The Expectation-Maximisation algorithm (Dempster, Laird & Rubin 1977) maximises the observed-data log-likelihood \( \ell(\theta; y) \) by iterating between two steps involving complete data \( (y, z) \) where \( z \) is unobserved.

EM Algorithm:
  • E-step: Compute \( Q(\theta \mid \theta^{(t)}) = \mathrm{E}_{z \mid y,\,\theta^{(t)}}\!\left[\log L_c(\theta;\, y, z)\right] \).
  • M-step: \( \theta^{(t+1)} = \underset{\theta}{\arg\max}\; Q(\theta \mid \theta^{(t)}) \).

Ascent Property (Proof)

Theorem. The EM algorithm satisfies \( \ell(\theta^{(t+1)}; y) \geq \ell(\theta^{(t)}; y) \) at each iteration, with equality iff \( Q(\theta^{(t+1)} \mid \theta^{(t)}) = Q(\theta^{(t)} \mid \theta^{(t)}) \).
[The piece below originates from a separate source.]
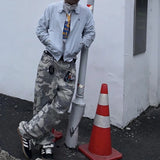frog drift fashion american style streetwear camouflage cargo pants vintage clothing loose cotton trousers for men unisex military streetwear pants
\[ \log L_c(\theta) = \ell(\theta; y) + \log p(z \mid y, \theta). \]\[ Q(\theta \mid \theta^{(t)}) = \ell(\theta; y) + H(\theta \mid \theta^{(t)}), \]\[ H(\theta \mid \theta^{(t)}) \leq H(\theta^{(t)} \mid \theta^{(t)}). \]\[ \ell(\theta^{(t+1)}) = Q(\theta^{(t+1)} \mid \theta^{(t)}) - H(\theta^{(t+1)} \mid \theta^{(t)}) \geq Q(\theta^{(t)} \mid \theta^{(t)}) - H(\theta^{(t)} \mid \theta^{(t)}) = \ell(\theta^{(t)}). \quad \square \]

EM for a Two-Component Gaussian Mixture

Model. \( y_1, \ldots, y_n \) i.i.d. from

\[ f(y;\, \theta) = \pi \phi(y;\, \mu_1, \sigma_1^2) + (1-\pi)\phi(y;\, \mu_2, \sigma_2^2), \]

where \( \phi(\cdot;\, \mu, \sigma^2) \) is the Gaussian density. Hidden labels \( z_i \in \{1, 2\} \) with \( P(z_i = 1) = \pi \).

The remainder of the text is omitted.